Oona Doherty’s deep space on stage at Santa Maria Novella

Florence, 25 June 2024 – Heterodox. In ways and themes. It has always been an urgent dance choreographed by the Northern Irishwoman Oona Doherty, driven by social and political reasons, but also capable of questioning itself through its own expressive freedom on the very value of the artistic act and of our being in the world. After the dazzling “Hard to be a Soft – A Belfast Prayer”, which brought her to the international spotlight by telling the difficult life of the lower classes in Belfast, and the prestigious Silver Lion achieved at the 2021 Venice Biennale, the desire for rupture and denunciation of the painful conflicts of his hometown is existentially transfigured to the entire universe.

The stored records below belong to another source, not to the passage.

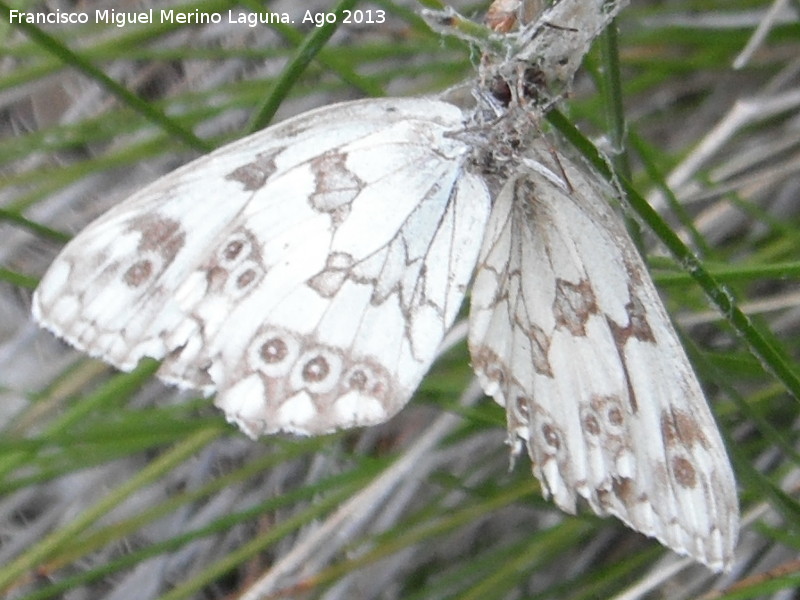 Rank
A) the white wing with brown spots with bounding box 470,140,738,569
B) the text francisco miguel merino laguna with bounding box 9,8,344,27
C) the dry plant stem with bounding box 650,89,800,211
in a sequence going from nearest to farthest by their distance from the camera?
the white wing with brown spots with bounding box 470,140,738,569, the dry plant stem with bounding box 650,89,800,211, the text francisco miguel merino laguna with bounding box 9,8,344,27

The fragility of the human being, the marginality compared to the expanse of an infinite and indefinite space, are the heart of his latest masterpiece “Navy Blue”, on stage tomorrow evening at the Chiostro Maggiore of Santa Maria Novella as part of the thirty-fifth edition of the Florence Dance Festival. Inspired by astronomer Carl Sagan’s “Pale Blue Dot”, Oona Doherty pushes the company’s twelve dancers Od Works within an atmosphere suspended between the classical reminiscences of Sergei Rachmaninoff’s Piano Concerto No. 2 and the horror vacui, the growing tension becomes existential terror in the second act, when the bodies free themselves, the gestures become fists of struggle and resistance, and the pulsating and adrenaline-filled soundtrack by Jamie xx punctuates the words of the voice-over, written by the choreographer herself with the author, actor and director Bush Moukarzel.

Bodies that rebel: against History, Politics and Nature, because that raised fist remains the last and desperate attempt to pierce with acrylic blue the galactic black of deep space and the night sky dotted with shooting stars. In hope – utopian? – of a possible future.